The Frenchman's large eyes bulged out in anticipation, as an enormous snail made its way up a fork toward his lips.
Only one sentence accompanied the drawing - ``The French Eat Snails - Believe it, or Not!''
In my early teens I finally tried my first snail - pardon, escargot - at a French restaurant in Cambridge, Mass.
I didn't exactly order the buttery sextet, but an older, worldly dining companion kindly offered them.
``The texture is very much like a mushroom,'' I was told encouragingly. That didn't help at all - I hated mushrooms.
But I bit, I swallowed, I conquered.
I was hooked, and over the years at home and abroad I've downed dozens upon dozens.
YOU can buy canned snails alone. But they're usually available with a stack of empty shells for a little extra money.
Shells may be used once, but they're difficult to clean and can turn rancid. If you do recycle them, do not use soap when washing as some residue is likely to remain lodged in the spiral shell.
If you're serious about snails, individual ceramic shells and ramekins are your best bet. These are easily washed, and of course are reusable. Another superb way of preparing is heating them in individual mushroom caps.
As canned snails come precooked, all that's necessary is to re-heat them.

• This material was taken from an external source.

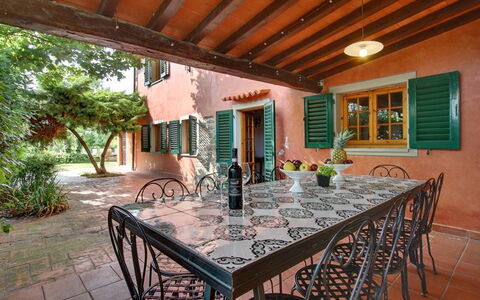 Villa Acacia: Propiedad, Bienes Raíces, Edificio, Habitación, Patio, Casa, Mueble, Casa, Porche, Inmuebles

Always drain and rinse them before preparing.
Fond as you may grow of snails, it's unlikely anyone will soon beat the speed of Thomas Greene of La Plata, Md.
On July 14, 1981, he sat down in Dominique's Restaurant in Washington D.C. and tossed down 350 snails in eight minutes, 29 seconds. His effort made the Guinness Book of World Records.
Snails, Spanish Style 1/4 cup olive oil 1 clove garlic, crushed 1/2 cup finely chopped onion 1/4 cup red bell pepper, julienned and cut in 1/2 inch strips 1/4 cup green bell pepper, julienned and cut in 1/2 inch strips 1 cup raw ham, finely chopped 6 dozen canned snails, rinsed and drained Salt and freshly ground pepper to taste 1/4 cup parsley, chopped
Heat olive oil in saucepan. Add garlic, onion, peppers, and raw ham. Saut'ee 3 minutes over medium heat, stirring constantly.
Add snails, salt, and pepper. Continue to saut'ee until thoroughly heated. Pour into shallow serving dish. Sprinkle with parsley.
At La Escargot restaurant in Paris, bits of Roquefort cheese are added to each snail after it's stuffed back into shell.